Es por esto, que en Fundación Mi Parque relevamos el rol de estos gigantes verdes en cada proceso. Escoger un árbol para un espacio público implica ponderar características que cumplan ciertos requisitos generales y particulares del espacio: no debería ser la misma especie para una alineación de calle que para sombrear una banca o para marcar un hito dentro del espacio. Para lo primero necesitamos copas columnares que crezcan en orden; para lo segundo sería ideal una copa abierta y/o una especie caduca de invierno que deje pasar la luz en aquella época; para lo tercero, podemos pensar en una especie colorida o atractiva que resalte a la vista. Y si estas situaciones ocurren en Antofagasta, difícilmente escogeremos las mismas especies que si estuviéramos plantando en Temuco. Y así, hay una enorme lista de preguntas que se deben hacer antes de decidir por una especie en un espacio público: ¿cuánto y cuándo lo podrán regar? ¿Sobrevivirá a los cambios del clima en 30-50 años? ¿Se desgancha fácilmente? ¿Tiene frutos tóxicos? ¿En qué época florece? ¿Cobijará aves o abejas? ¿Es su copa demasiado baja que genera puntos ciegos?

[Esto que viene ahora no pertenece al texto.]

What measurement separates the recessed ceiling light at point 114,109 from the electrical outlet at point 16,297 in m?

Pero más allá de lo técnico que implica decidir una especie para un espacio, plantar un árbol cobra un sentido fundamental cuando las únicas posibilidades de darse un Shinrin yoku son en la plaza del barrio. Los árboles tienen la capacidad de generarnos emociones, de que construyamos recuerdos en torno a ellos, de enseñarnos a contemplar, a abstraernos, de modo que no puede ser una elección azarosa, al contrario, preguntarnos si les gustará a los vecinos o si sentirán apego por él son tan válidas como las preguntas anteriores.

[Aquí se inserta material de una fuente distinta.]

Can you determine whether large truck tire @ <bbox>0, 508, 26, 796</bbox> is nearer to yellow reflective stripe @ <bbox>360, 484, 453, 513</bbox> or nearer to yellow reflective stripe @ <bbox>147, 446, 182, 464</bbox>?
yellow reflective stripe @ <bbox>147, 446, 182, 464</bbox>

Por lo mismo, es fundamental transmitir esa forma de toma de decisiones y a la vez, hacer parte a los vecinos en la elección. Puede que no sepan que hace a un árbol más idóneo para una situación, pero de seguro reconocen especies de su mismo entorno que les genera apropiación.

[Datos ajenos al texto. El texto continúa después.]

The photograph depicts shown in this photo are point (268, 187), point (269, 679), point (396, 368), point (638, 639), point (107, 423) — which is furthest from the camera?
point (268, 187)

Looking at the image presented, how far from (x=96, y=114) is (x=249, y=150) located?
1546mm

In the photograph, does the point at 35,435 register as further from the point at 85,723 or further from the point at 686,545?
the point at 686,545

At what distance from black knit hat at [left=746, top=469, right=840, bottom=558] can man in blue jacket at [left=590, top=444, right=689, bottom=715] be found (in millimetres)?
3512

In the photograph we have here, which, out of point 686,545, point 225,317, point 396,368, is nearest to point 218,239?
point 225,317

En la plaza de mi infancia ya no está mi Cornus –fue parte de los costos que pagó el barrio al ensanchar la avenida- pero cada vez que veo uno en otro lugar puedo rememorar la tarde del verano en que conquisté la cima del árbol frutilla. Trabajemos para que todos tengamos la posibilidad de crear -y recrear- nuestras propias historias al lado un árbol.